Notice a little extra cash in your most recent paycheck? It wasn't a glitch and provided nothing changes in your work or tax status, you can count on these slightly cushier amounts for the time being. It's all a result of the new tax bill and the IRS' revised withholding tables (which employers had until today to put into effect).
"The IRS did it to make the least amount of difficulty so you don't have to do a new W-4; otherwise you'd have millions of people scrambling to fill out a new form and get them all out in a week or two," says Jackie Perlman, principal tax research analyst at The Tax Institute at H&R Block tells NBC News BETTER.
A One to Two Percent Bump In Take Home Pay
"About 80 to 90 percent of people are getting an increase of about one to two percent," adds Jean Chatzky, a financial editor for NBC News.
So, if you're making $56k a year (roughly the median household income for the U.S), you could be seeing around an extra thousand a year in your take-home pay (bear in mind, this all depends on your withholdings, so consult your HR department if you're unsure). The money is spread out over the year in each check, so it probably won’t look like a whole lot as it comes in, but as Chatzky says, it's enough to order another Blue Apron box.
It’s A Nice Boost, But There’s a Much Bigger Picture Here
Still, there’s reason to be frugal. It’s not that this money isn’t yours (provided your tax forms are correct, you should be good to go); but this isn’t exactly a bonus, at least not for everyone when you look at the big picture.
“One taxpayer may enjoy an actual lower tax bill, while another taxpayer may not see much benefit, if, say, she no longer can deduct the full cost of her property taxes,” says Andrea Coombes, an investing specialist at NerdWallet.
The new tax bill allows you to deduct up to $10k of state and local taxes; previously you could deduct the full amount. Folks are also losing personal exemptions valued at $4,050 per taxpayer, spouse and dependent in 2017. For some. the new standard deduction of $12k (nearly doubled what it was) and other tax perks make it worth it, but it really depends on your situation.
Your best bet is to talk to a financial advisor, these experts stress, but in the meanwhile consider these smart tips to make sure you get the biggest bang out of this surprise buck:
1. Have The Money Auto-Saved
Chatzky recommends having the money moved automatically every two-weeks (or however often you get paid) directly into a savings account to keep it separate from your spending funds. "Behavioral finance teaches us that we are incredibly fast adapters." says Chatzky "Two paychecks in you don't want to be wondering how you ever lived on less."

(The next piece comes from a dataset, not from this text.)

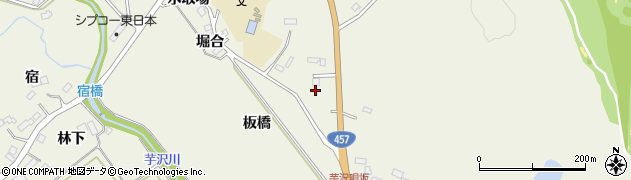 宮城県仙台市青葉区芋沢板橋21周辺の地図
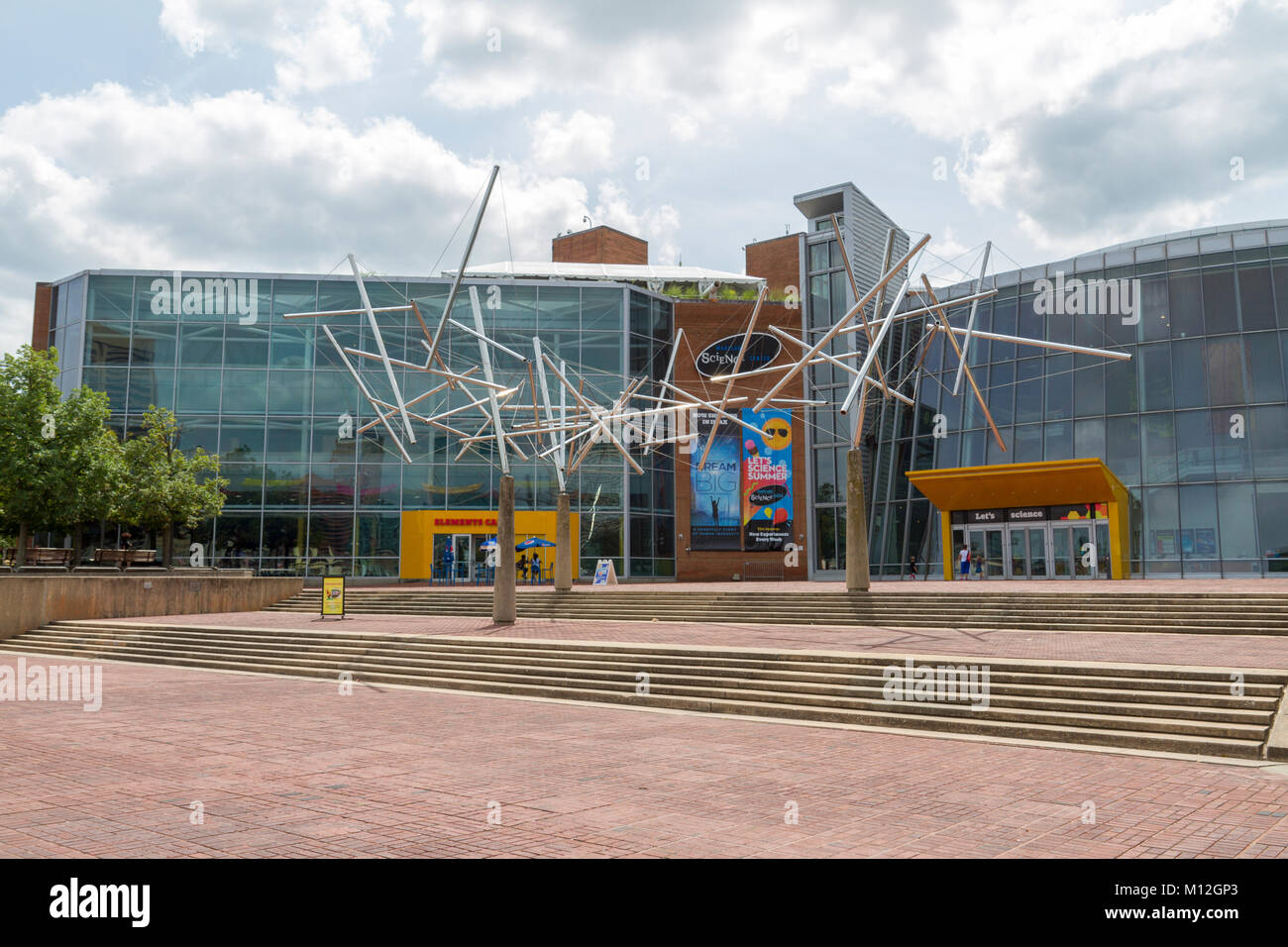 The Maryland Science Center which overlooks Baltimore Inner Harbor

2. Pay Down Debts And Build Up Emergency and Retirement Funds
As of last fall the total household debt in this country topped $13 trillion, while as many as 78 percent of us are living paycheck to paycheck. If you’re one of the many stuck in this cycle, use this money to pay down debts and to build an emergency fund.
“So many people get into debt because they have no cash reserves and can't absorb the smallest emergency like their water heater going out,” says Rick Henderson, principal at Atlanta Financial Associates. “If you have any debt, pay it and then build up an emergency fund.”
Henderson also strongly recommends adding more to your 401(k) along with any other retirement plans, as he sees far too many taxpayers skimping in this area. Coombes recommends using a retirement calculator to see what you can afford.
Behavioral finance teaches us that we are incredibly fast adapters. Two paychecks in you don't want to be wondering how you ever lived on less.
4. Make An Extra Mortgage Payment Or Build A Moving Fund
The new tax plan lowers the cap for mortgage interest deductions on newly purchased homes. Whether this affects you or not, it’s a good idea to build a “home fund,” of some sort. Chatzy recommends making an additional payment on your mortgage (be sure and advise the lending company you’re paying down the principal of your loan).
You may also want to put the money aside if you’re thinking about a job in another state as we can no longer make deductions associated with moves for our career. But even if you stay put, brace for more changes in 2019. This tax law is far from being totally sorted out.
“The IRS expects to make further changes to withholding in 2019, says Eric Bronnenkant, CFP and CPA, head of tax at Betterment for Business. "They will work with the businesses to encourage workers to file new W-4 forms next year."